Mais soudain tout s’arrête. Hurlements, aboiements de chiens, coups de matraque.
— Il manque un enfant !
Les mitraillettes se braquent. Les mains se lèvent. Affolement.
— Si un enfant s’est échappé, on fusille tous les autres.
Les armes brillent dans la lumière des projecteurs. Il faut retrouver le petit qui manque. Les mères tremblent. Les secondes passent.
— C’est bon ! crie un homme en uniforme qui passe devant eux.
L’homme tient dans la main le petit cadavre d’un enfant, pas plus grand qu’un chat écrasé, retrouvé sous la paille d’un wagon. Les mitraillettes s’abaissent. Le mouvement reprend. Le tri des hommes et des femmes commence.
— Je suis fatigué, dit Jacques à Noémie. Je veux aller dans les camions pour l’infirmerie.
— Non, on reste ensemble.
Jacques hésite mais il finit par suivre les autres.
— On se retrouvera là-bas, dit-il en s’éloignant.
Noémie le regarde, impuissante, disparaître à l’arrière du camion. De nouveau elle se prend un coup sur la tête. Pas le temps de s’arrêter. Il faut se mettre en colonne pour marcher en direction du bâtiment principal. C’est un rectangle en brique, long peut-être d’un kilomètre.
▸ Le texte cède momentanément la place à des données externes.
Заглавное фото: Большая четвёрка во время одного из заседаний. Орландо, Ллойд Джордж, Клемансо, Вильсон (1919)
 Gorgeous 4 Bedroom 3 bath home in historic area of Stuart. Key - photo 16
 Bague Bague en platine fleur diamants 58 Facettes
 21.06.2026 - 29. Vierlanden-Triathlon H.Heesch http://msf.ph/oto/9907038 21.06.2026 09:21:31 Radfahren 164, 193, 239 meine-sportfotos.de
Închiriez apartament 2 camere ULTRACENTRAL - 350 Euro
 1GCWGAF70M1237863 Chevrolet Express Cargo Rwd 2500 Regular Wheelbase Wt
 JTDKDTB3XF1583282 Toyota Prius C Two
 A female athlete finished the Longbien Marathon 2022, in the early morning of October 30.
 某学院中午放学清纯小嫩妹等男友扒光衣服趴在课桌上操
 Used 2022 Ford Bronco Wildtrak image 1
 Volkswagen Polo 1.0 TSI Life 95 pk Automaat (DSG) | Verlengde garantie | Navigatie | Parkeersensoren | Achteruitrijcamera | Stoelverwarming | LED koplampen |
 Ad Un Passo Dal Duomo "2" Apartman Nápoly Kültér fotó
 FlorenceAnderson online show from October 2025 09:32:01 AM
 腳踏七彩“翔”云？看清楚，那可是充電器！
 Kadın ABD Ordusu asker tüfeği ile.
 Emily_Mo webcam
Au milieu, une tour avec un toit en triangle, c’est la porte pour rentrer à l’intérieur du camp. On dirait la bouche grande ouverte de l’enfer, surmontée de miradors, comme deux yeux haineux. Un groupe de SS interroge succinctement les nouveaux détenus. Deux groupes sont formés, d’un côté les aptes au travail, de l’autre, les jugés inaptes. Noémie fait partie des sélectionnés pour le travail. (À l’été 1942, les tatouages sur l’avant-bras gauche ne sont pas encore pratiqués. Seuls les prisonniers soviétiques se font marquer avec une plaque composée d’aiguilles formant des chiffres, appliquée sur la poitrine. Les
Un officier supérieur s’adresse à tous les arrivants. Son costume est rutilant, tout y brille, du cuir de ses chaussures aux boutons de sa veste. Il fait le salut nazi, puis annonce :
— Vous êtes ici dans le camp modèle du Troisième Reich. Nous y faisons travailler les parasites qui ont toujours vécu à la charge des autres. Vous allez enfin apprendre à vous rendre utiles. Soyez satisfaits de contribuer à l’effort de guerre du Reich.
Noémie est ensuite envoyée vers la gauche, au camp des femmes, où elle passe par le centre de désinfection, dit « le sauna ». Toutes les femmes y sont déshabillées puis assises sur des gradins, les unes à côté des autres. Elles doivent attendre toutes nues, chacune leur tour, d’être entièrement rasées – crâne, poils pubiens – puis douchées. Seules quelques jeunes filles échappent à la tonte, celles qui seront envoyées au bordel du camp.